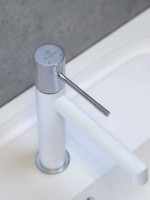 Смеситель для раковины AltroBagno Intento AltroBagnoIntento0132MW матовый белый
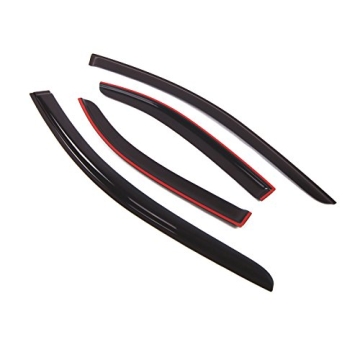 Tuningpros Custom Fit Window Visor for Acura TSX 2009-2014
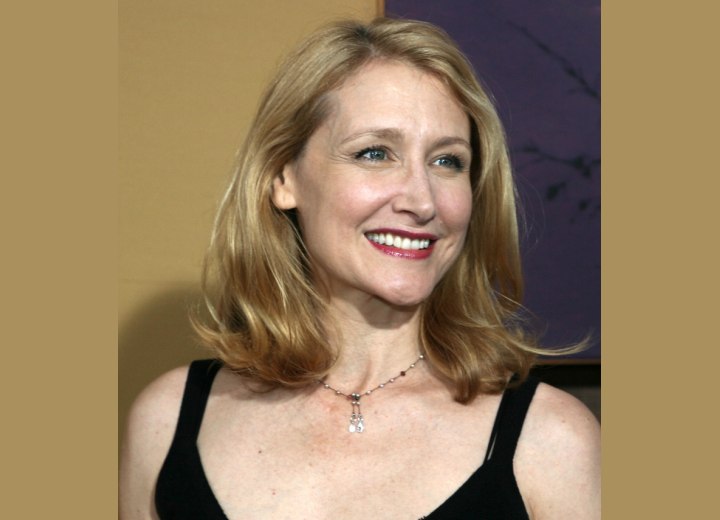 Patricia Clarkson - Easy to fix hairstyle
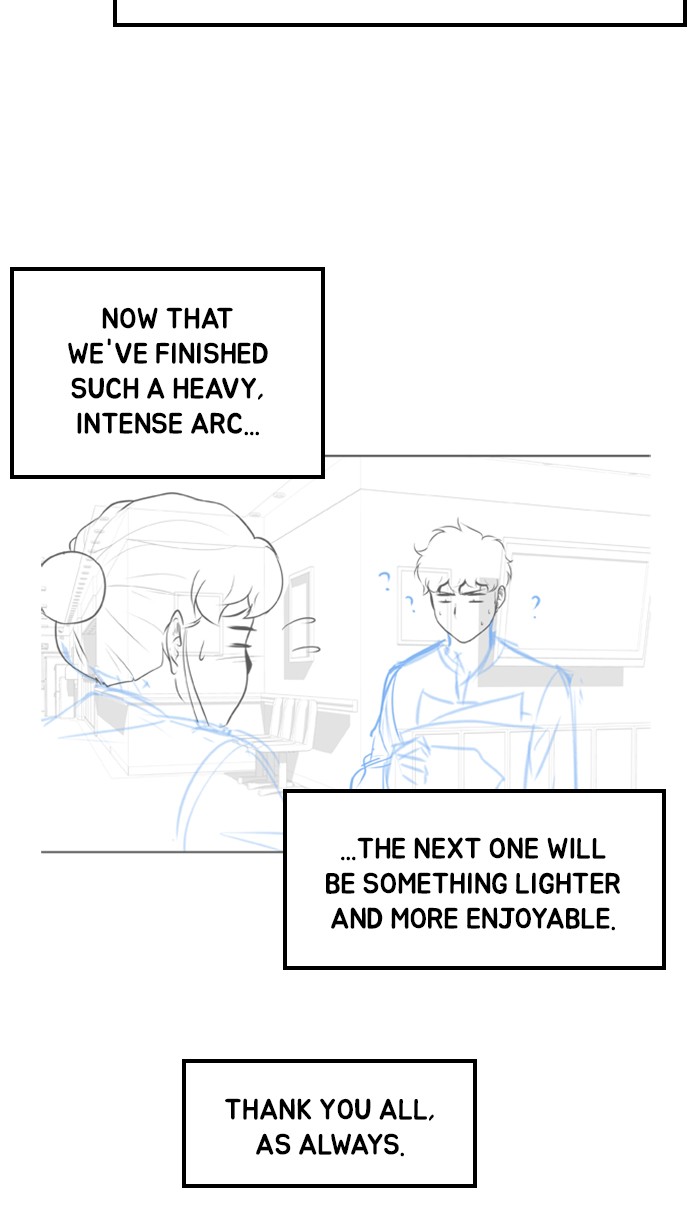 Dr. Frost Chapter 150 page 20 - Chapter 150: Ep. 150 - Behind the Scenes & Episode Commentary (3)
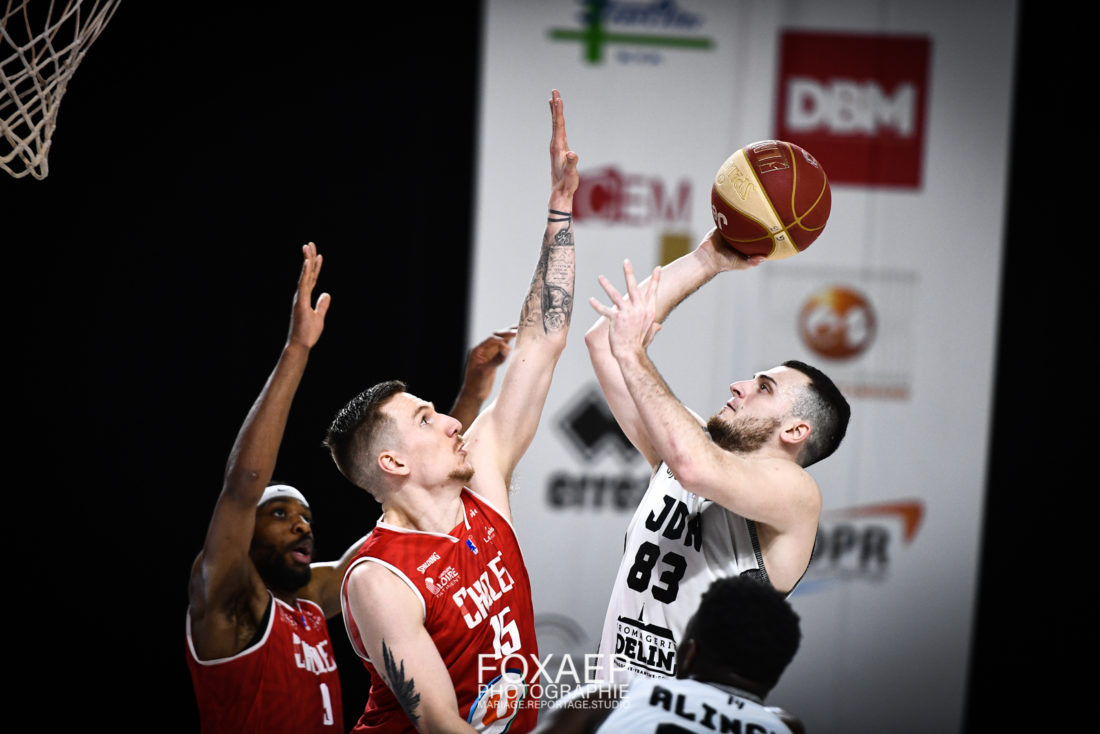 JDA BASKET VS CHOLET- 30-04-21 — FOXAEP, photographe Bourgogne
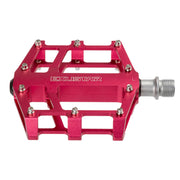 Pedali con piattaforma BMX Enduro 9 16 pollici rosa scuro per set - afbeelding 1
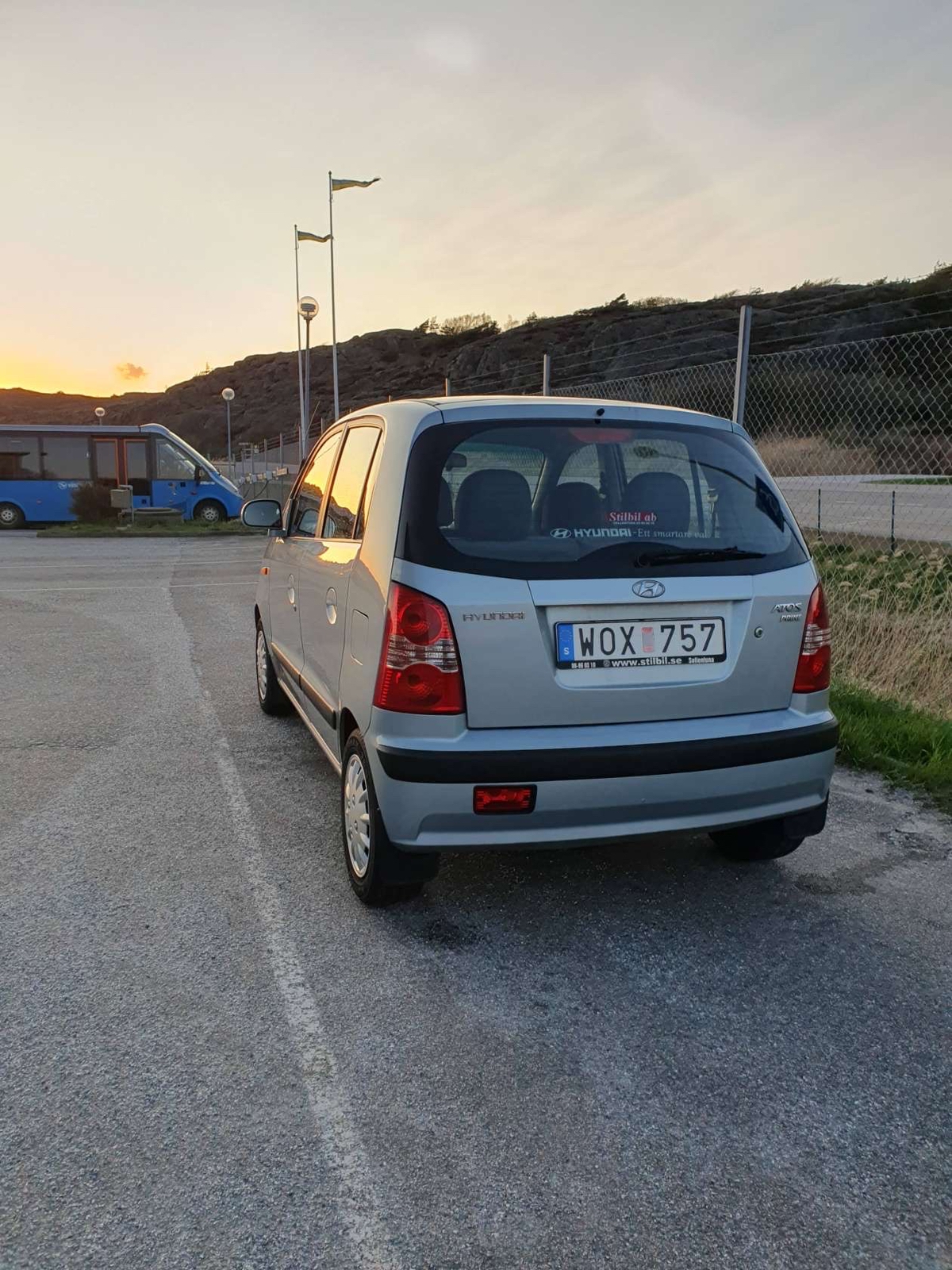 Hyundai Atos Prime 1.1 Automatisk 2005, bild 6/6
____
-- REQUIRED ACTION --
Omit the pictures, then print the rest of the listing above exactly.

-- ANSWER FOR THIS EXERCISE --
 Смеситель для раковины AltroBagno Intento AltroBagnoIntento0132MW матовый белый
 Tuningpros Custom Fit Window Visor for Acura TSX 2009-2014
 Patricia Clarkson - Easy to fix hairstyle
 Dr. Frost Chapter 150 page 20 - Chapter 150: Ep. 150 - Behind the Scenes & Episode Commentary (3)
 JDA BASKET VS CHOLET- 30-04-21 — FOXAEP, photographe Bourgogne
 Pedali con piattaforma BMX Enduro 9 16 pollici rosa scuro per set - afbeelding 1
 Hyundai Atos Prime 1.1 Automatisk 2005, bild 6/6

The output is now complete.